_Work request_:
Skip the pictures and write out, word for word, the lines below from the one with "Scaun directorial bej" through the one with "Red & Grey Cashmere", inclusive.

_Material to process_:
_ _ _ _ _
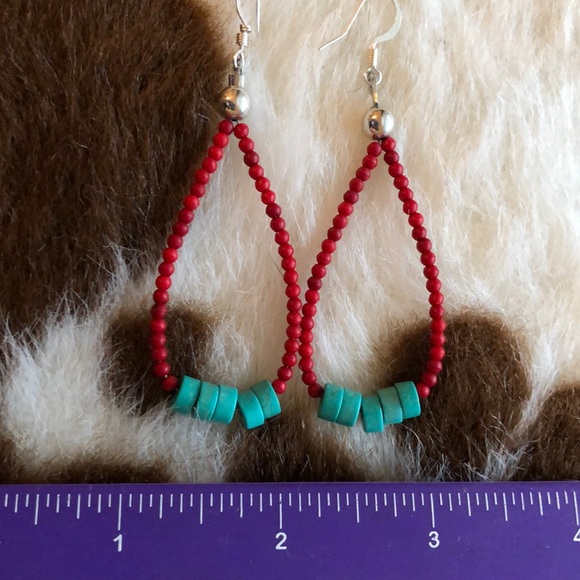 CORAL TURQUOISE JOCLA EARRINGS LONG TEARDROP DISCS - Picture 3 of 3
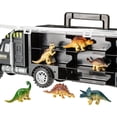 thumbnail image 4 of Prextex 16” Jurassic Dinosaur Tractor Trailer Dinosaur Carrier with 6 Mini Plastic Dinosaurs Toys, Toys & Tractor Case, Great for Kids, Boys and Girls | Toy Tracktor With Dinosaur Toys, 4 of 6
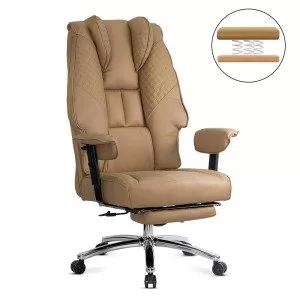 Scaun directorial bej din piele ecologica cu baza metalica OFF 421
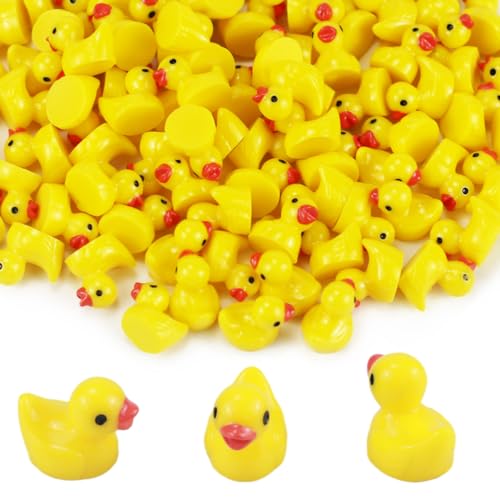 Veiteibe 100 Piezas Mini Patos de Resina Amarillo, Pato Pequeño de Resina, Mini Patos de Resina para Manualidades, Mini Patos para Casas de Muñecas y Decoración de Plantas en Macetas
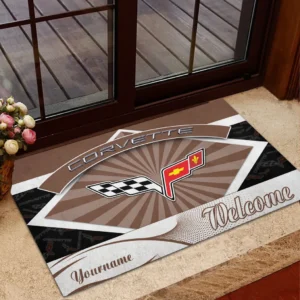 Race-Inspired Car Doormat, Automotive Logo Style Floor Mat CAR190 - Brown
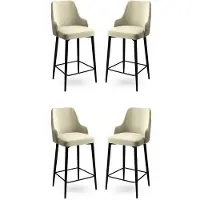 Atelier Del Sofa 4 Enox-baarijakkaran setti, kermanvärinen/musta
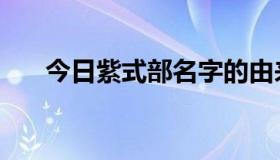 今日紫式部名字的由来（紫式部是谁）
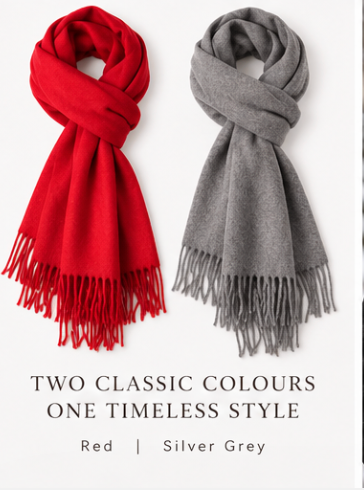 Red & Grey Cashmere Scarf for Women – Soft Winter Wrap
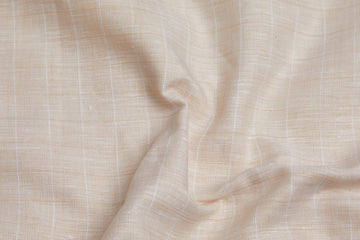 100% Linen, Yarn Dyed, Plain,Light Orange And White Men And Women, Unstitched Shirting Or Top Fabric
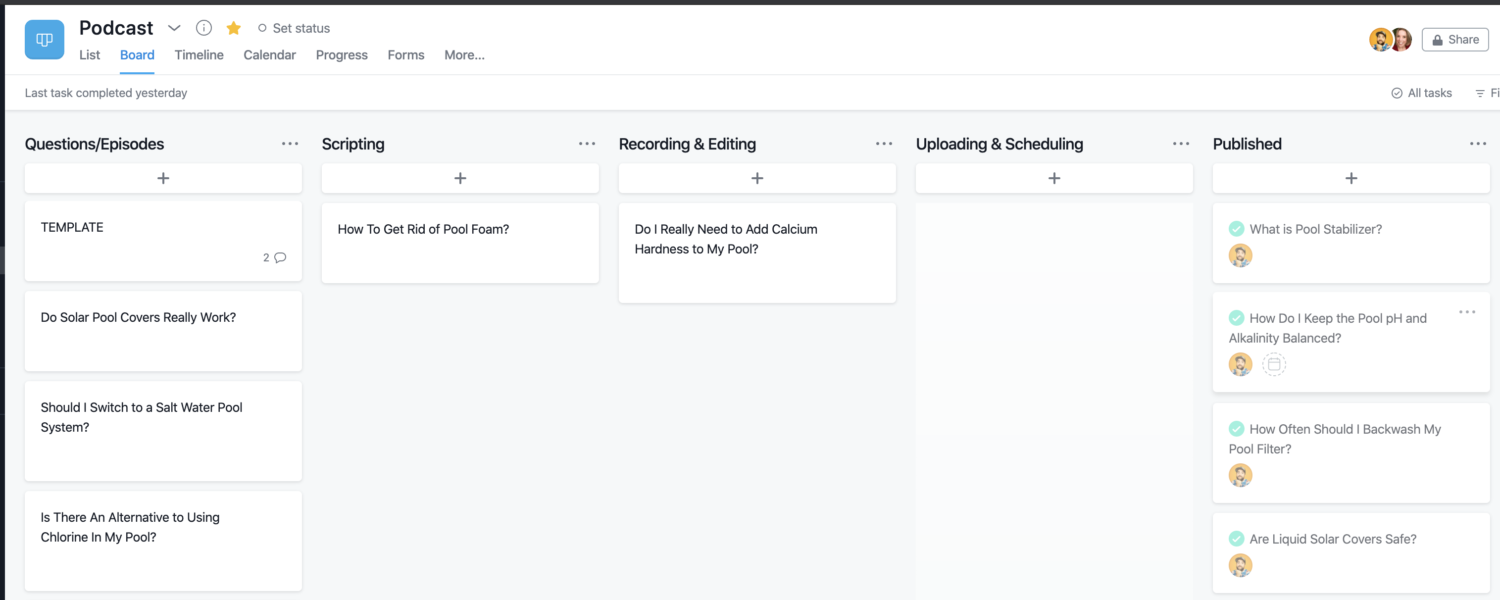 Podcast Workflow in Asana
_ _ _ _ _
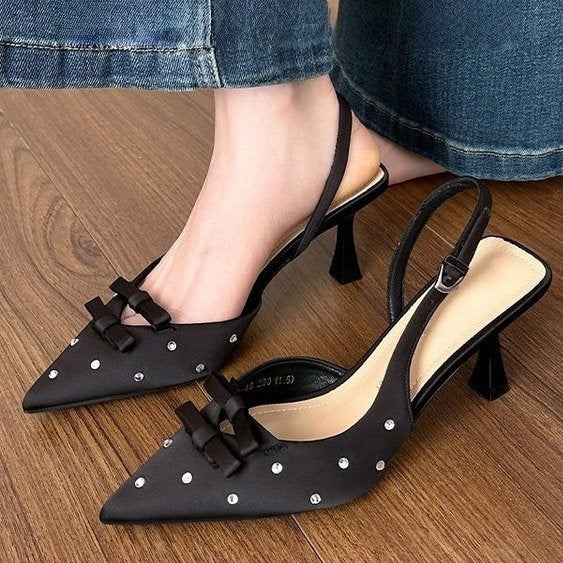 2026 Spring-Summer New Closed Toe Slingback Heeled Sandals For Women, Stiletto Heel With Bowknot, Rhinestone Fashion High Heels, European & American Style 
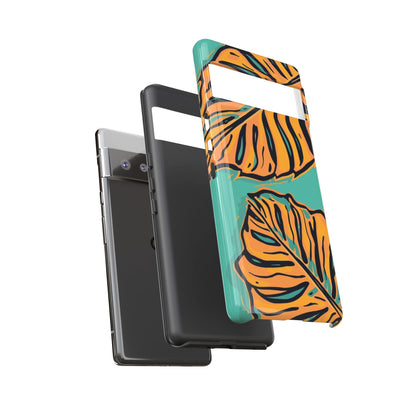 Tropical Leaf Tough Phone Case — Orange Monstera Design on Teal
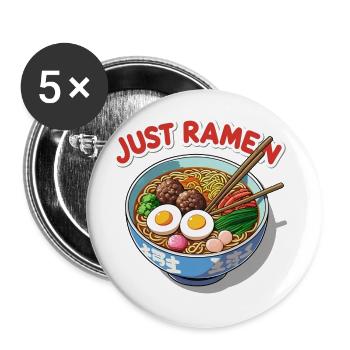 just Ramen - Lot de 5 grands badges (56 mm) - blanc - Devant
_ _ _ _ _
_Written solution_:
 Scaun directorial bej din piele ecologica cu baza metalica OFF 421
 Veiteibe 100 Piezas Mini Patos de Resina Amarillo, Pato Pequeño de Resina, Mini Patos de Resina para Manualidades, Mini Patos para Casas de Muñecas y Decoración de Plantas en Macetas
 Race-Inspired Car Doormat, Automotive Logo Style Floor Mat CAR190 - Brown
 Atelier Del Sofa 4 Enox-baarijakkaran setti, kermanvärinen/musta
 今日紫式部名字的由来（紫式部是谁）
 Red & Grey Cashmere Scarf for Women – Soft Winter Wrap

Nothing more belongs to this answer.